## Work to complete
In the records below, find the line containing "Holzbriketts PiniKay Octagon 96 x 10 kg" and the line containing "Apec Handbrake Cable". Give again exactly those lines and every line between them, omitting the pictures.

## Data records
>>>
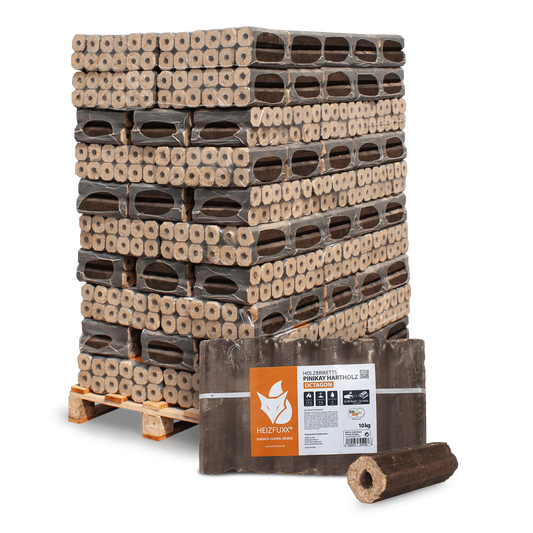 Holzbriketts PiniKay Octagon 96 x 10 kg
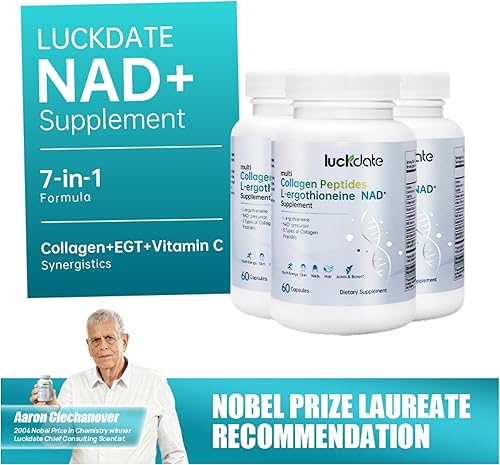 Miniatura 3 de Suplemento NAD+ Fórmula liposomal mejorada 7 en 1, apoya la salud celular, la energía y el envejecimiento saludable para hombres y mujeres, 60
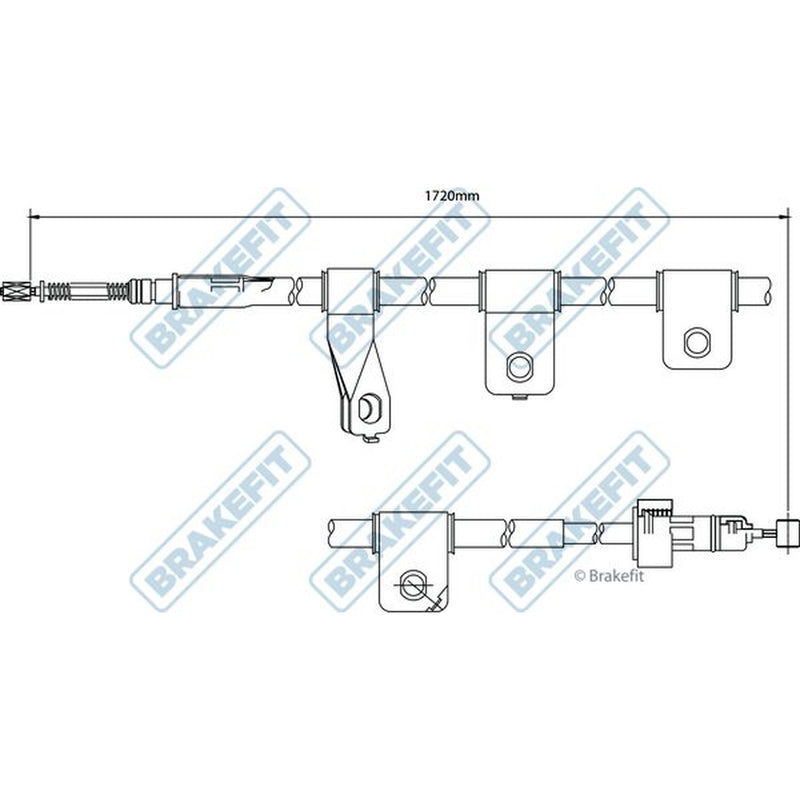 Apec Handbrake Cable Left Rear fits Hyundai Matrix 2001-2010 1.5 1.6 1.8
<<<
>>>
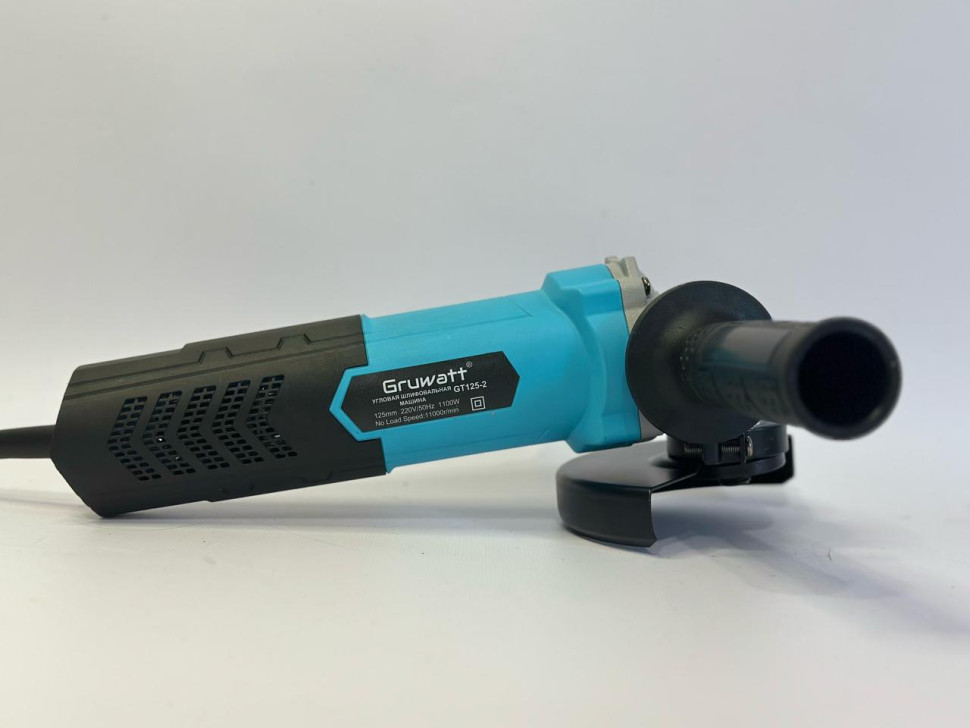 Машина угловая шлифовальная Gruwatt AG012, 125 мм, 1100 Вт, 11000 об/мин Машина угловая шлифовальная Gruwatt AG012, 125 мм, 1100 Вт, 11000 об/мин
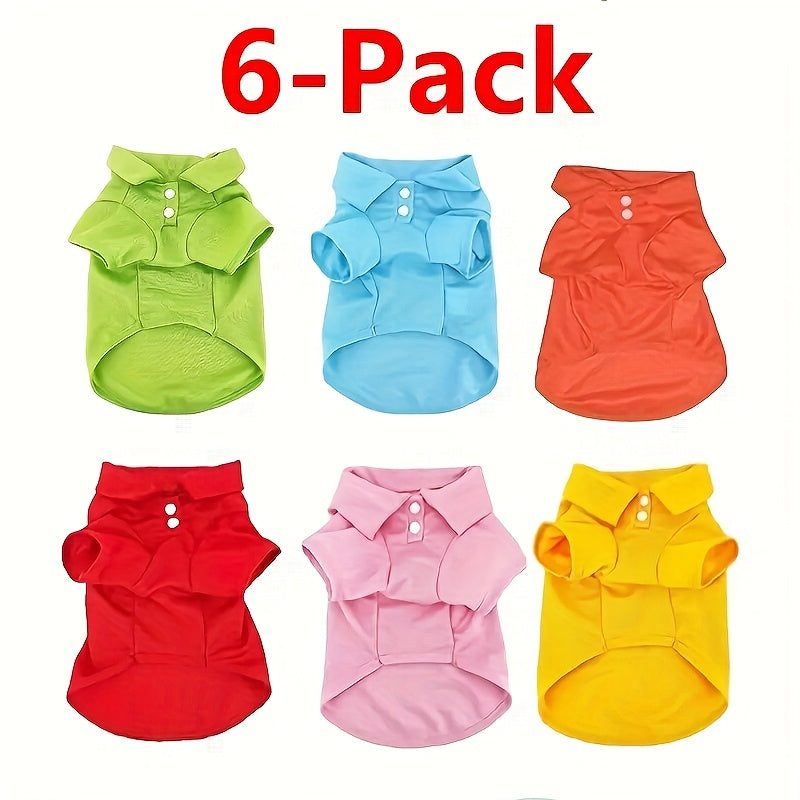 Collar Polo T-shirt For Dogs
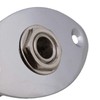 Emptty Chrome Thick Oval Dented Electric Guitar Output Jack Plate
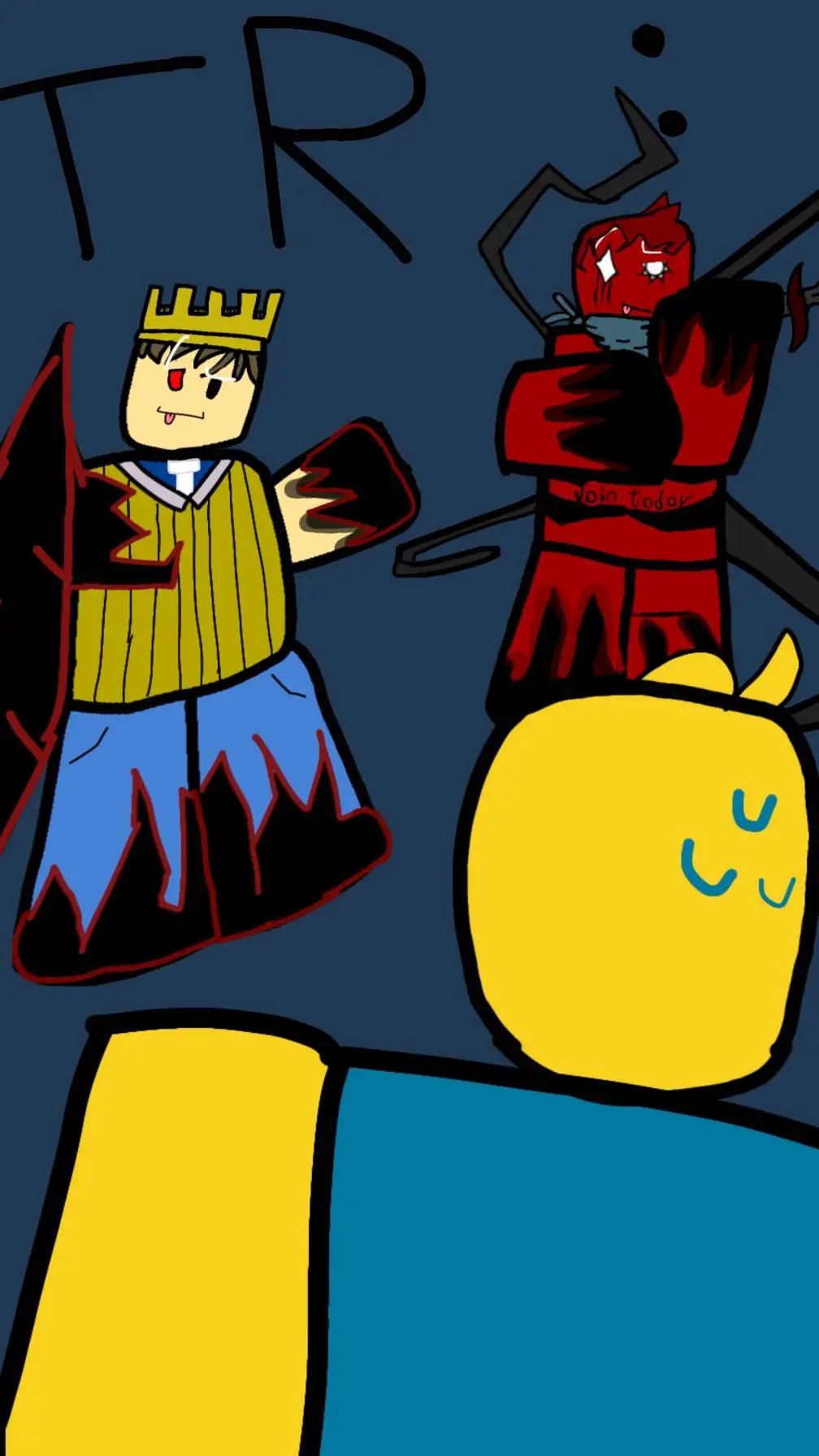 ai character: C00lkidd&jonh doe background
<<<
>>>
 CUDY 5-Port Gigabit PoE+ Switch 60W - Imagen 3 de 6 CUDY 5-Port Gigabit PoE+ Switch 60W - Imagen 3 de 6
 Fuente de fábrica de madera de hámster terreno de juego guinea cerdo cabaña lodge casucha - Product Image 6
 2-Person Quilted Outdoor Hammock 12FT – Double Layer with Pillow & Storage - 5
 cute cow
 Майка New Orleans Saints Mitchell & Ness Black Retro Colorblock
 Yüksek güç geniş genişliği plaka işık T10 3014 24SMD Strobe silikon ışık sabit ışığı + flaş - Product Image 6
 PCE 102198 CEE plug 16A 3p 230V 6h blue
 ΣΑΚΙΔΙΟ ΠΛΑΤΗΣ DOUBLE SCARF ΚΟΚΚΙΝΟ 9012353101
<<<
## Result of the exercise
 Holzbriketts PiniKay Octagon 96 x 10 kg
 Miniatura 3 de Suplemento NAD+ Fórmula liposomal mejorada 7 en 1, apoya la salud celular, la energía y el envejecimiento saludable para hombres y mujeres, 60
 Apec Handbrake Cable Left Rear fits Hyundai Matrix 2001-2010 1.5 1.6 1.8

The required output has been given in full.